DATA SHOWN:
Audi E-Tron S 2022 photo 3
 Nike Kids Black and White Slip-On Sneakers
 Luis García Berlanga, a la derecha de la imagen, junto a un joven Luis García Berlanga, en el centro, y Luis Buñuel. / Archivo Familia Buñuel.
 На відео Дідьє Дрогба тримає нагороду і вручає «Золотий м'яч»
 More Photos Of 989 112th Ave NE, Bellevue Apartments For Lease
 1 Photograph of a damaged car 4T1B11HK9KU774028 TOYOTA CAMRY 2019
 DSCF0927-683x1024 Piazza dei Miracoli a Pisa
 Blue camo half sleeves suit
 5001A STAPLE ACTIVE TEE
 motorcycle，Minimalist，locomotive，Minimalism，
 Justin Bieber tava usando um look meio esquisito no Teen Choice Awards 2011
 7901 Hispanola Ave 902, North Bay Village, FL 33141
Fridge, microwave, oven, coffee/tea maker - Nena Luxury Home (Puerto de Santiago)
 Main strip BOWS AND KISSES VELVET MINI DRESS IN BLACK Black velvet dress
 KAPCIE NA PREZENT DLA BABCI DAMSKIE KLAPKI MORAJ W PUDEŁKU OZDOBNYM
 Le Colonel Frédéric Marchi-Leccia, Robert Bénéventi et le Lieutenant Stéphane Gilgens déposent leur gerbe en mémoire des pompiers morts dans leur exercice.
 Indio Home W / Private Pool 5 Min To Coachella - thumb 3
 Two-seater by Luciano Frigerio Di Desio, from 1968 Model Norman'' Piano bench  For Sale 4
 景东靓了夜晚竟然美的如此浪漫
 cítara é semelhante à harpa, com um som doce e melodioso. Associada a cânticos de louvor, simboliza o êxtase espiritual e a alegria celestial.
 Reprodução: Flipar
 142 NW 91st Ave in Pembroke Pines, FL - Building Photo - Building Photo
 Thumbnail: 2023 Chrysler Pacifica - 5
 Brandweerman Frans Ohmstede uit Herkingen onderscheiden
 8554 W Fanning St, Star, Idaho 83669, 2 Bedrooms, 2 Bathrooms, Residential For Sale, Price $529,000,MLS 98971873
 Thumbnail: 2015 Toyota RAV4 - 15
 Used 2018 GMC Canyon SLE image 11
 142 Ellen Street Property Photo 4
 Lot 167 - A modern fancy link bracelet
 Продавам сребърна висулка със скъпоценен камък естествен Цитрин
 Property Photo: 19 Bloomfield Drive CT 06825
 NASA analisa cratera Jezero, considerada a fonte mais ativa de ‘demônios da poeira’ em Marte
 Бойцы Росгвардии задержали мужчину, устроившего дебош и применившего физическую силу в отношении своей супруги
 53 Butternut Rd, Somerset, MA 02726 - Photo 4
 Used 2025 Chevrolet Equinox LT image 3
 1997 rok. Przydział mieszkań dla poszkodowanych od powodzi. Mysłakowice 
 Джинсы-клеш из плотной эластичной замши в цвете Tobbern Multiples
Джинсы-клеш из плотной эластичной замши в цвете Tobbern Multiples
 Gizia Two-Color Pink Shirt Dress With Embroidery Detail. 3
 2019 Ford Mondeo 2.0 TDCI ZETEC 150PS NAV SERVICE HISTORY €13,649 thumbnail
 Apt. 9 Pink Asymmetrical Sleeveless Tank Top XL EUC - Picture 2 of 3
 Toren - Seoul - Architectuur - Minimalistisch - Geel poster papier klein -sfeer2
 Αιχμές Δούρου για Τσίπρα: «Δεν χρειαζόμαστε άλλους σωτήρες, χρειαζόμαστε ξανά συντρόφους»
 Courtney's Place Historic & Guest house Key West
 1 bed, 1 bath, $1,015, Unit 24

PROMPT: The lines to copy are those in the records above containing the word "Used".

EXERCISE OUTPUT:
 Used 2018 GMC Canyon SLE image 11
 Used 2025 Chevrolet Equinox LT image 3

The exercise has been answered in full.